Avec la rentrée, arrive le moment de s’occuper de ses impôts locaux. Pour les propriétaires, la mauvaise nouvelle est que la taxe foncière augmentera sensiblement cette année. Les hausses varient selon les communes, certaines d'entre elles ayant même mis en place une surtaxe sur la taxe d'habitation des résidences secondaires. Quelle est la cause de ces augmentations ?
Pourquoi la taxe foncière grimpe-t-elle de 3,9 % ou plus ?
Les taux d'imposition sont décidés au niveau local. Certaines communes ont décidé d'imposer une hausse allant au-delà de 3,9 % pour compenser l'abolition de la taxe d'habitation sur les résidences principales. Bien que l'État ait promis une compensation intégrale, de nombreux élus jugent les montants alloués insuffisants, entraînant ainsi des augmentations supplémentaires. D’après une étude du cabinet SFL, des villes comme Annecy (+14,1 %), Nancy (+14,5 %) et Nice (+19,2 %) ont opté pour des hausses significatives. En moyenne, la hausse des taux, excluant Paris, se situe à +1,6 %.
La taxe foncière se base sur la « valeur locative cadastrale » des propriétés, qui se détermine selon une estimation théorique des loyers. Cette base est révisée chaque année en fonction de l'inflation. Pour 2024, on s'attend à une augmentation minimale de 3,9 % des taxes foncières.
Une déclaration de la part des propriétaires est requise cette année pour identifier ceux qui doivent s'acquitter de la taxe d'habitation ou de celle sur les logements vacants. Les propriétaires peuvent mettre à jour des informations relatives à leur statut d'occupation et celles des occupants, mais les détails tels que la surface du bien doivent être mis à jour directement auprès de l'administration fiscale.
Taxe d’habitation : attention à la surtaxe !
Bien que la taxe d'habitation ait été supprimée pour les résidences principales, elle demeure applicable aux résidences secondaires, avec une revalorisation de 3,9 % en 2024. Certaines municipalités ont également été autorisées à imposer une surtaxe de 5 à 60 % pour ces résidences. Des villes comme Rennes et Chambéry ont opté pour le maximum de 60 % pour faire face à la crise du logement.

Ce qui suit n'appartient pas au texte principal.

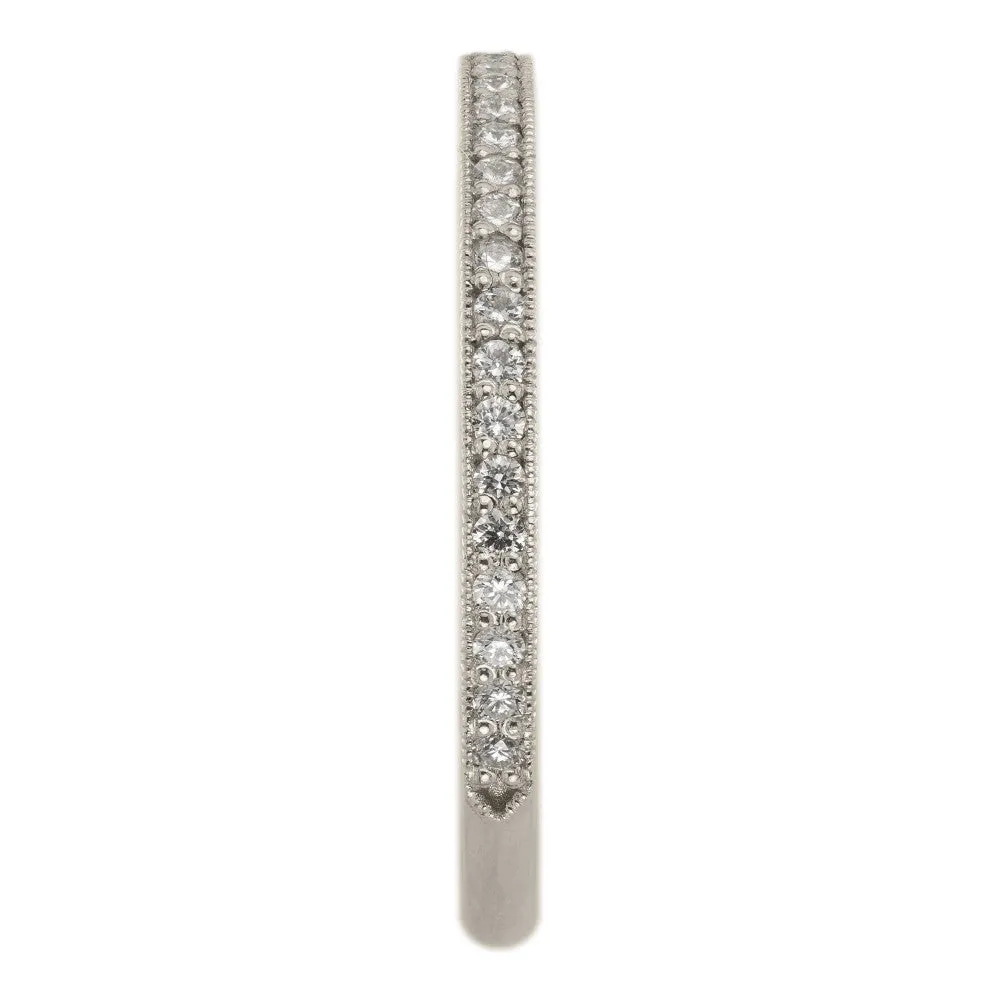 Vintage Inspired Diamond Wedding Band, Jamie Setting, Platinum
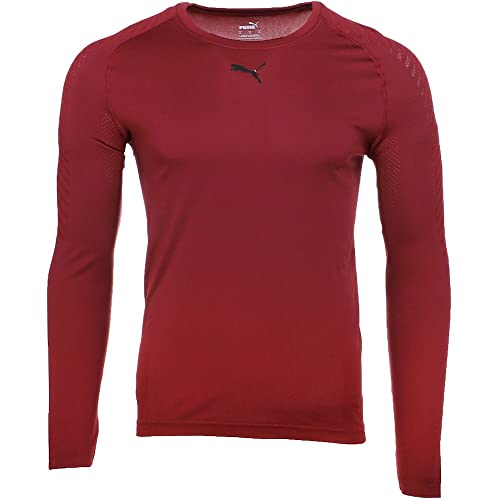 Puma Mens Formknit Seamless Logo Crew Neck Long Sleeve Athletic Training Casual Tops Casual Breathable - Burgundy - Size Xl #TOP9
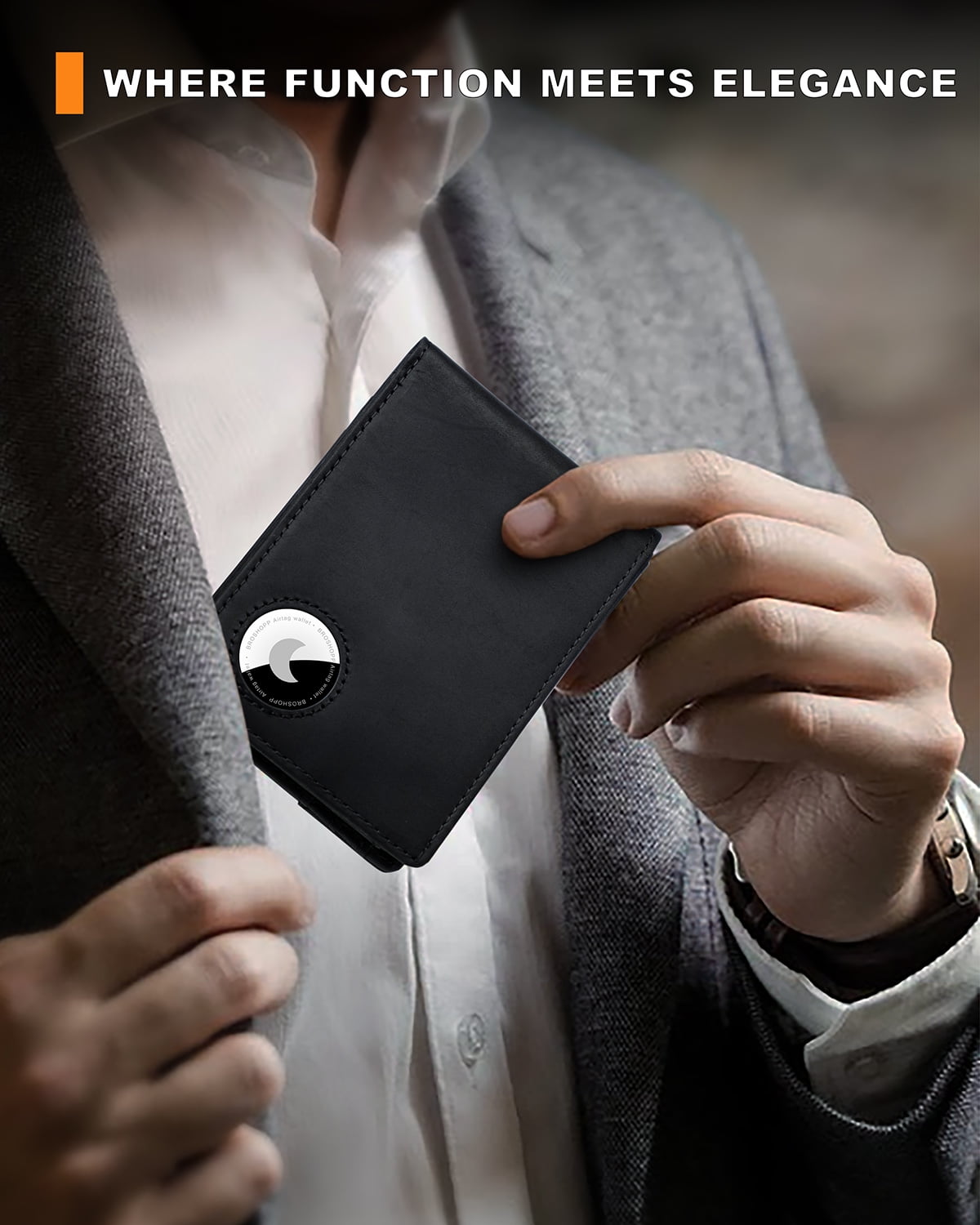Men’s Bifold Full-Grain Leather Wallet with AirTag Holder, RFID Blocking, 9 Card Slots, ID Window (Black) - Image 3
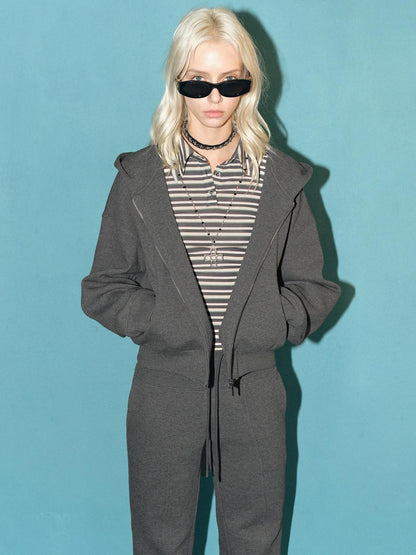 AFTADAWN Solid Hooded Zip Jacket Micro Flare Pants Women&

Vers une modernisation des critères de calcul des impôts locaux ?
Les critères servant à calculer les impôts locaux n'ont pas changé depuis 1970 et sont révisés annuellement pour refléter l'inflation. Initialement, une révision globale était prévue pour 2023, mais cela a été reporté à 2028. Cette mise à jour pourrait transformer le paysage fiscal pour les propriétaires, en tenant compte des évolutions actuelles du marché immobilier.
Enfin, des travaux d'extension ou des ajouts tels qu'une piscine ou une véranda augmentent la valeur locative cadastrale, entraînant ainsi une hausse des impôts locaux. N’oubliez pas : toute modification doit être déclarée à l'administration fiscale dans un délai de 90 jours après l'achèvement des travaux.
Un rappel : la taxe foncière est due par l'usufruitier, c'est-à-dire celui qui utilise le bien ou en perçoit des revenus, même pour une résidence secondaire.
Pour les propriétés détenues via une SCI (société civile immobilière), la taxe foncière est attribuée à la société, mais des clauses statutaires peuvent permettre à un associé d’en supporter le coût si nécessaire.